The Life of a Dead Tree by Mark Dion - Coming Soon!
Opening May 24th on MOCA’s 3rd floor, The Life of a Dead Tree by Mark Dion brings a massive, fully grown, deceased tree, along with its inhabitants, to MOCA for the museum’s first summer exhibition in the Tower Automotive Building. This specially conceived project marks the 100th anniversary of the Tower Automotive building and brings attention to our role in observing and caring for Toronto’s natural ecosystems.
Appropriately sourced from a cemetery, a site that continues to play a role in sustaining Toronto’s urban forest, the dead tree will be the central host for a “live” and sensory experience. With the support of the Faculty of Forestry at the University of Toronto and other partners, visitors can observe and participate in a kind-of autopsy of the tree that will unfold over the course of a two-month exhibition period. This shared investigation will remove, preserve and document all the various life forms the tree continues to support. Most importantly, the project will act as a site for conversations around specific pernicious, invasive insects threatening North American forests, such as the Emerald Ash Borer and Elm Bark Beetle.

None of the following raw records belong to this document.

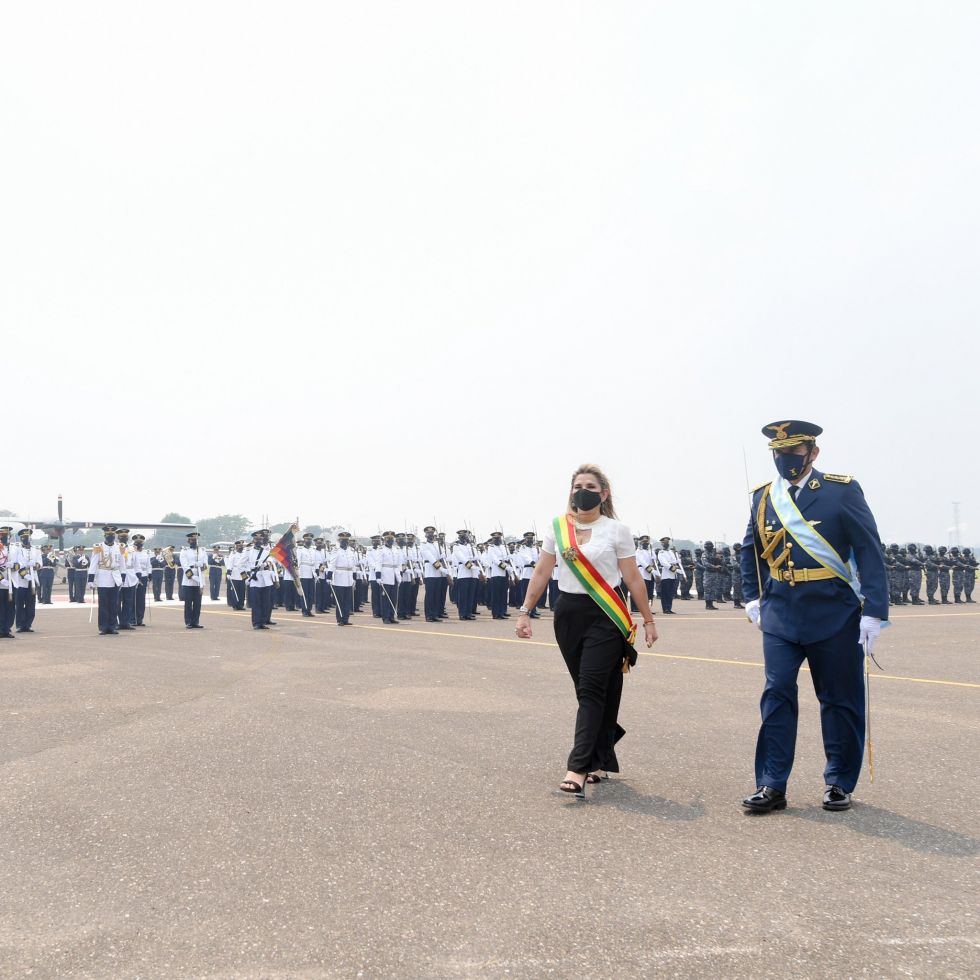 La presidenta Jeanine Áñez en el 97 aniversario de creación de la Fuerza Aérea Boliviana, a inicios de octubre.
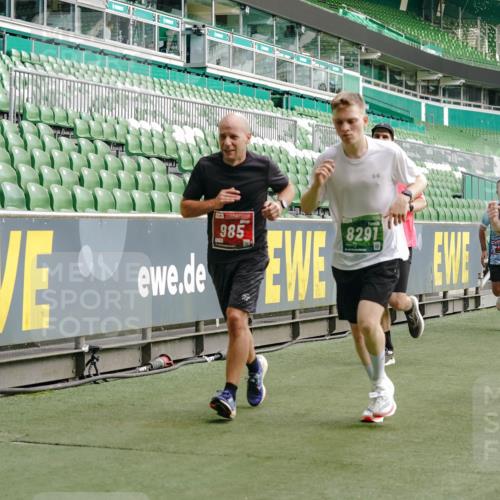 13.09.2026 - 21. swb-Marathon Bremen Michael Burmester http://msf.ph/oto/10456453 13.09.2026 12:53:31 Laufen im Stadion 102, 107, 145, 189, 313, 376, 385, 472, 481, 541, 560, 615, 616, 666, 675, 683, 696, 740, 755, 792, 816, 827, 982, 985, 987, 1033, 1056, 1076, 1207, 1232, 1252, 1297, 1419, 1433, 1445, 1468, 1528, 1542, 1551, 1631, 1646, 1658, 1664, 1704, 1707, 1814, 2007, 2043, 2055, 2203, 2280, 2350, 2362, 2401, 2422, 2454, 2480, 2498, 2499, 2623, 2701, 2767, 2820, 2824, 2858, 2882, 2913, 2962, 2971, 2997, 3054, 3085, 3149, 3236, 3336, 3362, 3413, 3448, 3830, 3988, 4283, 4475, 4605 meine-sportfotos.de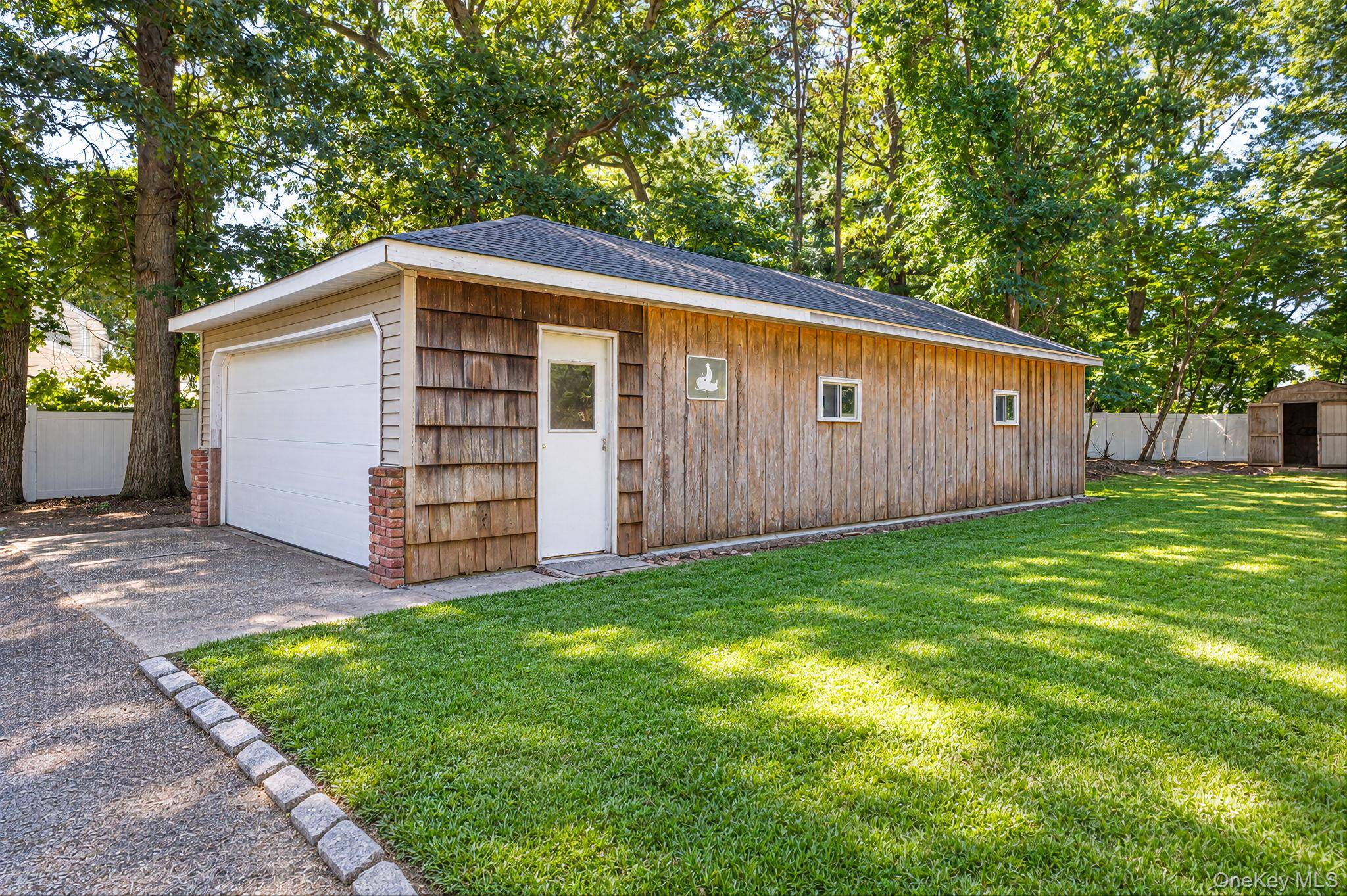 4 Sunny RD, Saint James, NY 11780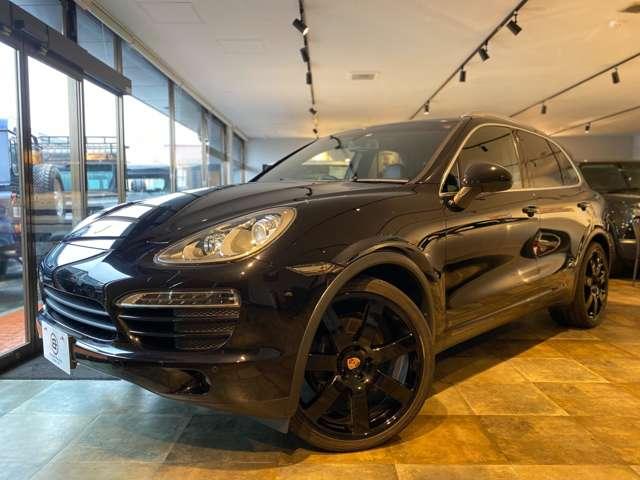 カイエン ３．６　ティプトロニックＳ　４ＷＤ　社外ダウンサス　グロスブラック２２ＡＷ　ルーフレール　サンルーフ　オートマチックテールゲート　純正ナビ　Ｂｌｕｅｔｏｏｔｈ　ＥＴＣ　ブラックレザーシート　法人ワンオーナー（2枚目）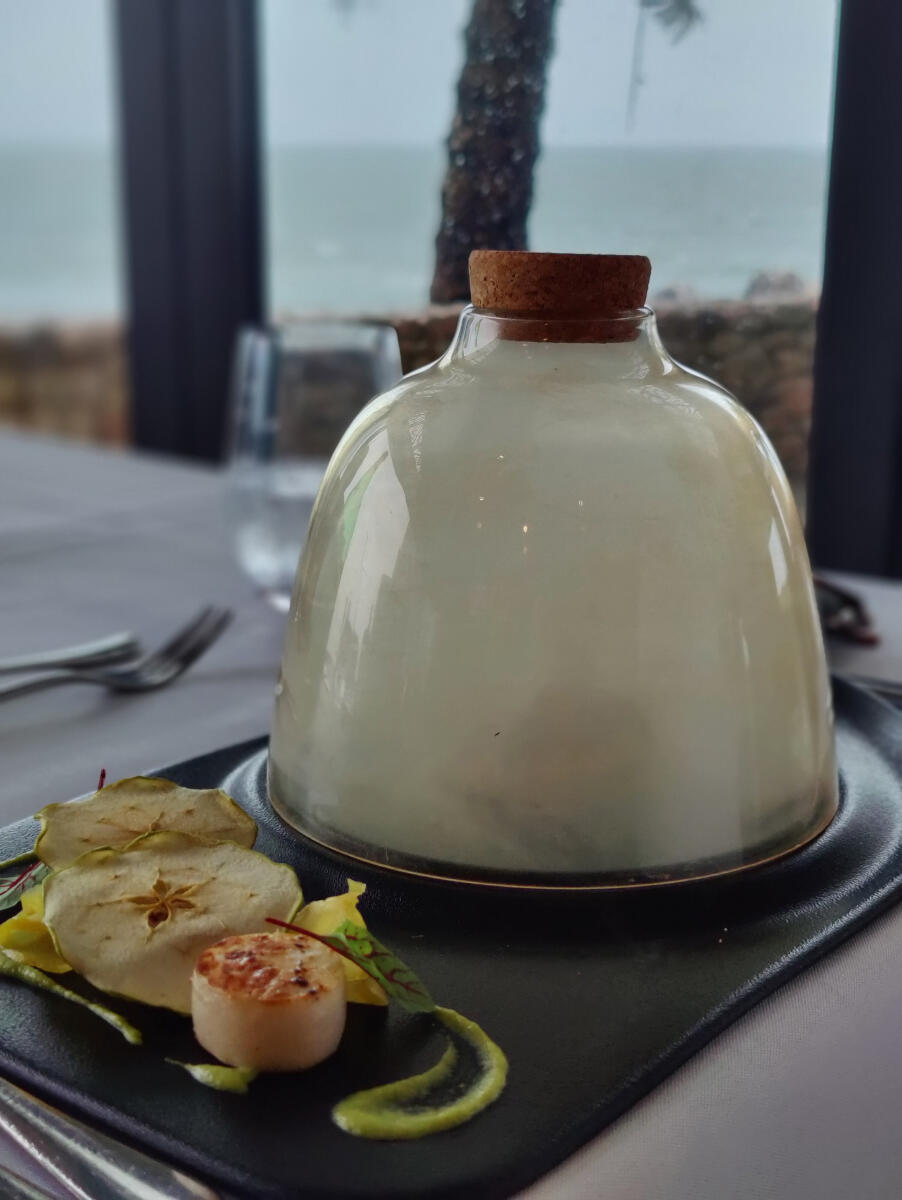 A fine dining meal at Momi Bay.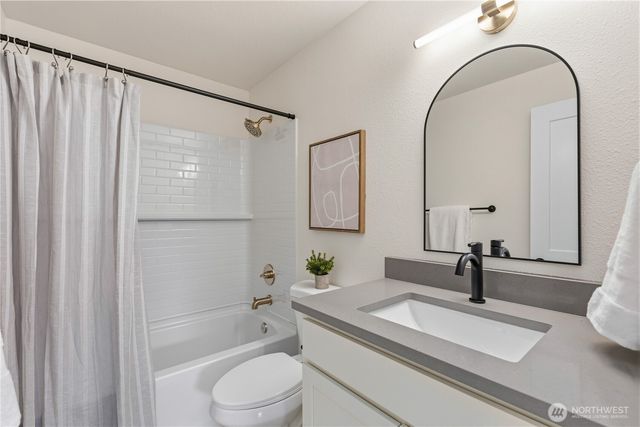 17161 SE 264th Street, Covington, WA 98042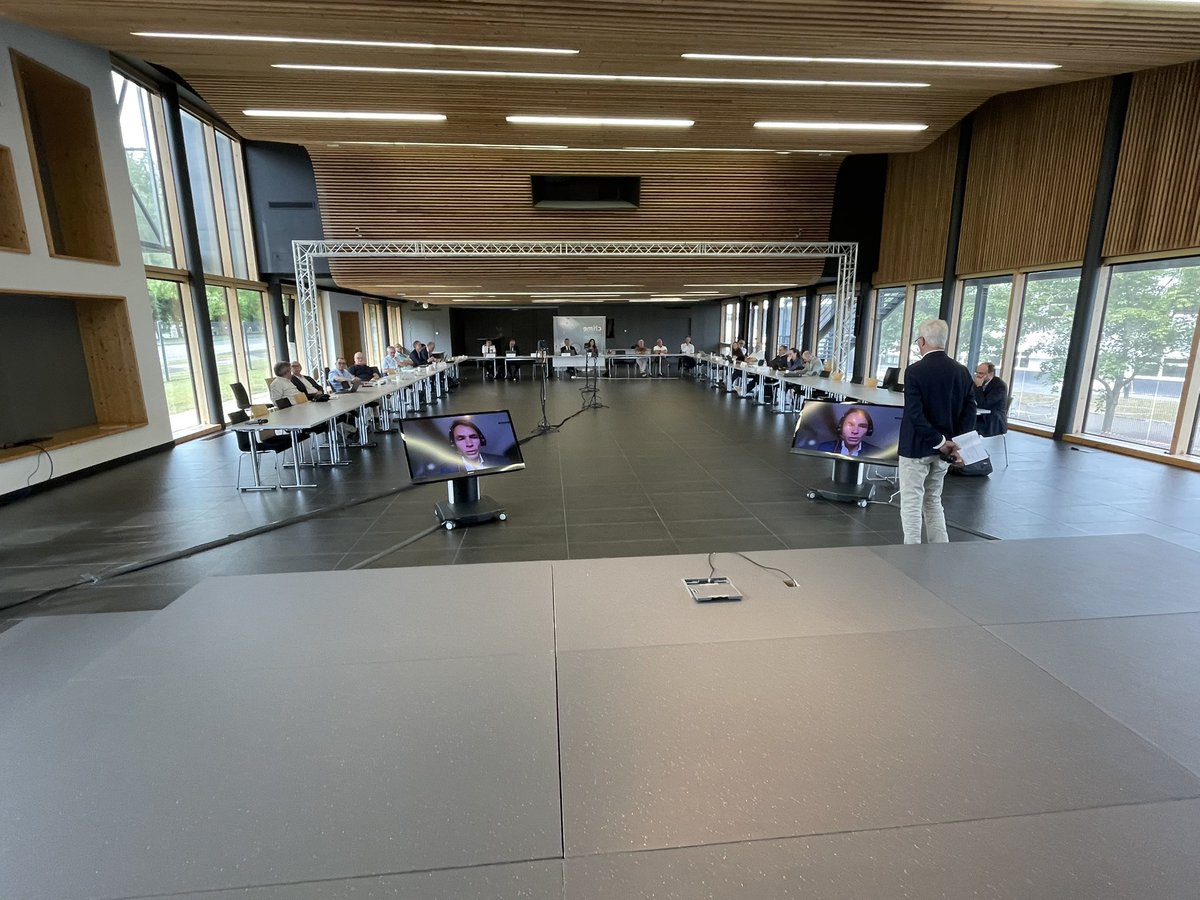 HGC2IME's tweet image. 🔴 Clôture du 23e comité @AccelC2IME @RECIES @InterregGR @DebordValerie @NicolasSchmitEU
Conférence de Grégoire Chauvière Le Drian @EIB
animée par Didier AIT #OptimEASE
▶️Industrie 4.0, décarbonation, souveraineté, IA & blockchain : 4 enjeux clés pour l’avenir industriel 🇪🇺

The Lift of a Dead Tree by Mark Dion
Location: MOCA, 3rd Floor, 158 Sterling Rd, Toronto, ON
Date: May 24–July 29, 2019
Trees and forests have long populated Dion’s imagination and a particular body of production. He is well-known for artworks that question how we experience, study, display and think about the natural world. Through this particular project, a range of partners will be called upon to help expand the conversation and research being undertaken at MOCA. Dion states: “to build a culture of nature that features regeneration over destruction, sustainability over depletion and nurturing over domination, it requires input from a diverse collation of thinkers, makers, and doers. Art is one of many areas which can be important to this constellation.”
MOCA will offer a variety of public programs that will run in parallel with the exhibition. A series of talks and walks will discuss the myriad of lifeforms supported by dead trees, including Dead Trees for: Birds; Insects; Fungi etc.. There will also be opportunities for visitors to participate in the autopsy of the tree, as well as undertake drawing classes that examine the organisms sourced from the tree, along with focusing on the intricate textures of the tree itself.